Questions From Readers
● What is the meaning of Ecclesiastes 9:5, 6: “For the living are conscious that they will die; but as for the dead, they are conscious of nothing at all, neither do they anymore have wages, because the remembrance of them has been forgotten. Also, their love and their hate and their jealousy have already perished, and they have no portion anymore to time indefinite in anything that has to be done under the sun”?—U.S.A.
By reading the context we can see that Solomon, the writer of Ecclesiastes, is speaking from the point of view of life as it exists now, on earth, “under the sun,” we might say, from the strictly human point of view, from the objective view of an observer. He is not here taking into consideration God’s purpose to bring about a resurrection. He is dealing with man’s situation as described by the apostle Paul, at Romans 8:20: “For the creation was subjected to futility.” Solomon says that “everything is vanity,” that “one eventuality there is to the righteous one and the wicked one.”—Eccl. 1:2; 9:2, 3.
This is the situation in which all mankind finds itself. Rich and poor, great and small, good and bad—all die. The apostle Paul expressed it: “In Adam all are dying.” (1 Cor. 15:22) Certainly righteous persons are basically not any better off than the wicked as regards their life-span. But this does not deny that God views the righteous as different and that he has provided a hope for them that sustains them now and offers life in the future. The apostle’s statement, quoted earlier in part, says: “For the creation was subjected to futility, not by its own will but through him [God] that subjected it, on the basis of hope that the creation itself also will be set free from enslavement to corruption and have the glorious freedom of the children of God.”—Rom. 8:20, 21.

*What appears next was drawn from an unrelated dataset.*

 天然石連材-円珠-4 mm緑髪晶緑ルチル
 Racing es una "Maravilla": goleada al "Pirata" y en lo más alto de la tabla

Solomon, taking the position of an observer, shows that the “average” person, a person of the world, knows that he will die, just as he sees all other men dying. He is conscious of death. Observation also reveals that when a person is dead he is unconscious of anything about him. Humans can do nothing for him; money means nothing. The world goes on and even his relatives and friends, in the fast-moving stream of everyday living, can no longer include him in their plans and affairs, and so, perforce, must eventually forget him. Not that they do not remember he existed, but that he is no longer a force—he does not figure in their lives. Much of his personality is forgotten, and the next generation does not actually know him at all.
The dead person can no longer express love, hate or jealousy. Regardless of the power, authority or riches he had when alive, this passes into other hands, and he has no say about it. (Eccl. 2:21) In this system of things he has no portion to time indefinite, and would remain completely out of the picture forever, indeed, if it were not for God’s provision of a new order and the resurrection of the dead.
So Solomon writes merely to represent the situation viewed as though this present world is all there is. He shows the vanity of life if one is not a worshiper of God. But the apostle Paul said to the Christians at Thessalonica: “Brothers, we do not want you to be ignorant concerning those who are sleeping in death; that you may not sorrow just as the rest also do who have no hope. For if our faith is that Jesus died and rose again, so, too, those who have fallen asleep in death through Jesus God will bring with him.”—1 Thess. 4:13, 14.
Solomon was “the Congregator” (the meaning of the Hebrew word Qo·heʹleth, the title of Solomon’s book). He was exerting himself to congregate the people to Jehovah’s worship. That is why he painted a picture of the futile situation of this world, and, after surveying its complete vanity and hopelessness, pointed to the right Source of hope, saying: “The conclusion of the matter, everything having been heard, is: Fear the true God and keep his commandments. For this is the whole obligation of man. For the true God himself will bring every sort of work into the judgment in relation to every hidden thing, as to whether it is good or bad.”—Eccl. 12:13, 14.